Le 13 juin 1944, un corps s'écrase sur le trottoir au pied du siège de la milice,
rue Sainte-Hélène à l'angle de l'impasse Cathelin. Marguerite Flavien a été défenestrée.
Volontairement, par crainte de parler sous la torture, ou par la sauvagerie des tortionnaires ne pouvant obtenir d'elle les réponses qu'ils attendaient. La
première des possibilités semble  la plus plausible. Qu'importe! Ce sont bien ses tortionnaires qui sont à l'origine du crime.


Marguerite Buffard, d'origine jurassienne, est sortie major de l'École normale supérieure de Sèvres, agrégée de littérature et de philosophie. Aux événements de 1934 "marche des factieux sur le parlement", elle est déléguée par ses camarades pour remettre au ministre de l'intérieur une motion de protestation. En 1935, elle est nommée professeur à Colmar puis à Caen.

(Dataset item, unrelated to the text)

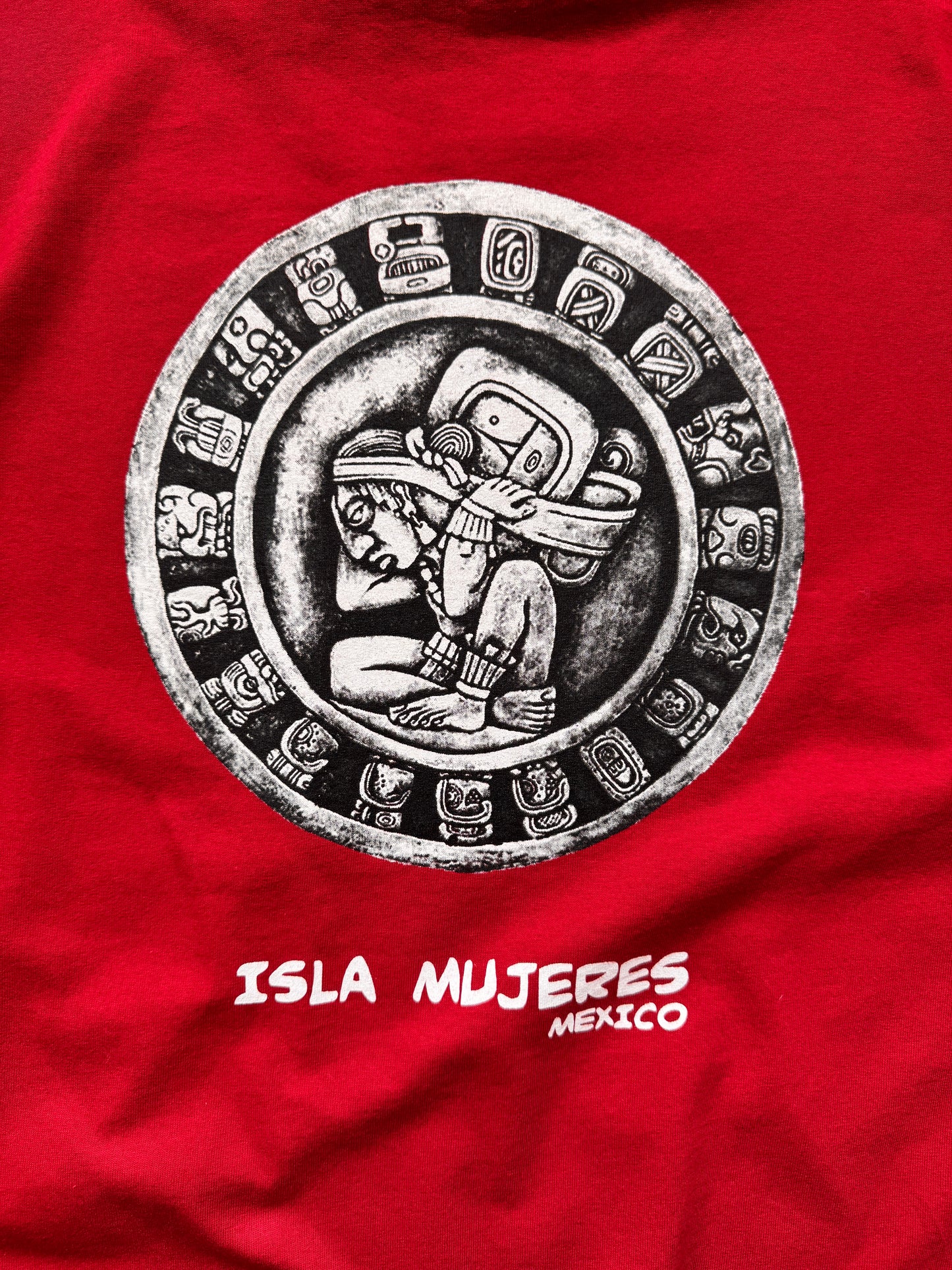 VINTAGE LOS MUERTOS RED TEE - XXL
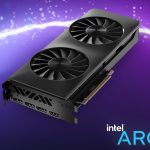 کارت گرافیک Battlemage Arc B750 در وبسایت اینتل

Elle adhère au parti communiste français et assure la responsabilité de secrétaire de la fédération du Calvados. Son activité déplaît au rectorat: elle est déplacée d'office à Grenoble, puis dans un lycée de Troyes après avoir manifesté contre les accords de Munich (1938).
À Troyes, elle épouse Jean Flavien en août 1939. Ce dernier, petit exploitant agricole, militant au syndicat des paysans, était aussi un responsable communiste. Il est mobilisé le trois septembre 1939. Parce que communiste, Marguerite Flavien est révoquée de l'éducation nationale par Édouard Daladier. Elle devient ouvrière dansune bonneterie de Troyes et participe à l'exploitation agricole de la famille Flavien.
Suspectée d'être un agent de la 111 8 internationale, elle est arrêtée en mai 1942 à
Dijon, relâchée, puis de nouveau interpellée et incarcérée à Troyes. Internée au camp de Lalande près de Tours, puis transférée à Mérignac (Gironde) d'où elle réussit à s'évader, elle regagne Paris en décembre 1943 où elle trouve un emploi dans une compagnie d'assurances. Elle reprend contact avec la résistance et entre aux FTPF avec qui elle participe aux actions de son groupe. En avril 1944, elle est envoyée en mission à Lyon, à l'état-major FTPF. Sur dénonciation d'un des agents de liaison, elle est arrêtée le 10 juin 1944 (le dénonciateur sera fusillé en 1946). Et le 13 juin ce sera le drame.

À Troyes, une avenue porte le nom: Flavien-Buffard "martyre de la résistance"
1912-1944.
Le 14 juillet 1949, dans le hall d'honneur du lycée de jeunes filles, une plaquette est inaugurée à la mémoire des professeurs et anciens élèves victimes de la guerre 1939-1945, y figure le nom de Marguerite Flavien.
Retenons ce bel hommage que lui a rendu Paul Langevin, son professeur à l'École
normale supérieure de Sèvres : "la haute culture intellectuelle qu'elle avait reçue, non seulement ne l'avait pas éloignée, comme il arrive souvent, du souci de la justice, de la liberté auxquelles elle a consacré, puis sacrifié sa vie, mais lui avait permis de comprendre plus clairement la nécessité, pour travailler de manière efficace à la réalisa tion de son idéal, d'unir la pensée et l'action."